Eine Verwaltung fällt auf

In Zürich setzt eine Immobilienverwaltung Mietende vor die Tür. Wegen Renovation. Doch wenig später tauchen die Wohnungen auf Homegate auf. Mit satten Aufschlägen.

Uns ist selbstverständlich bewusst, dass Sie daran keine Freude haben...

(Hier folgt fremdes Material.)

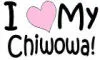 chihuahuaavatar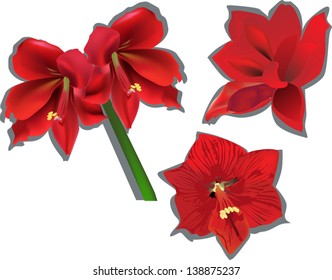 illustration with collection of amaryllises isolated on white background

Die Geschichten klingen plausibel. Jene beispielsweise, die Alfred A. Hog, Chef der Waldmann Verwaltung und Bau AG, seinen Mietern Christian Caspar und Bettina Jecklin erzählte. Caspar hielt gerade das Neugeborene im Arm, als seine Partnerin aus dem eingeschriebenen Brief vorlas: «Mit diesem Schreiben möchten wir Ihnen die Gründe der Kündigung erläutern, damit Sie unser Vorgehen besser verstehen können. Uns ist selbstverständlich bewusst, dass Sie daran keine Freude haben werden.» Was folgte, war eine detaillierte Beschreibung geplanter Umbauarbeiten. Da stand etwa: «Wir werden die neue Wohnungstüre auf das untere Zwischenpodest verlegen (…), die heutige Wohnungstüre wird somit aufgehoben. (…) Wir werden auch im Wohnzimmer (…) eine ganz neue Treppe zur Erschliessung des ehemaligen Estrichgeschosses installieren.» Der Ausbau sei auf den Monat nach Auszug der Familie geplant und werde rund fünf Monate dauern, steht da noch. Abschliessend bedankt sich Alfred A. Hog fürs Verständnis.

Rückkehr unerwünscht
Die jungen Eltern verstanden aber nicht. Sie waren gerade dabei, in die neue Familiensituation hineinzuwachsen. Ihnen war rundum wohl in ihrer 3,5-Zimmer-Wohnung im Kreis 4, in der sie seit drei Jahren lebten. Sie fragten deshalb, ob es möglich wäre, nach den Renovationsarbeiten wieder in die Wohnung zu ziehen. Für eine allfällig höhere Miete signalisierten sie Offenheit. Nein, sagte Alfred A. Hog, das sei nicht erwünscht. Er gewährte ihnen aber eine Fristerstreckung um ein Jahr, und sie durften jederzeit auf Ende Monat kündigen. In der Zwischenzeit fanden die frischgebackenen Eltern eine Wohnung in einem andern Stadtteil und zogen schweren Herzens aus – in der Erwartung, die Wohnung würde anschliessend renoviert.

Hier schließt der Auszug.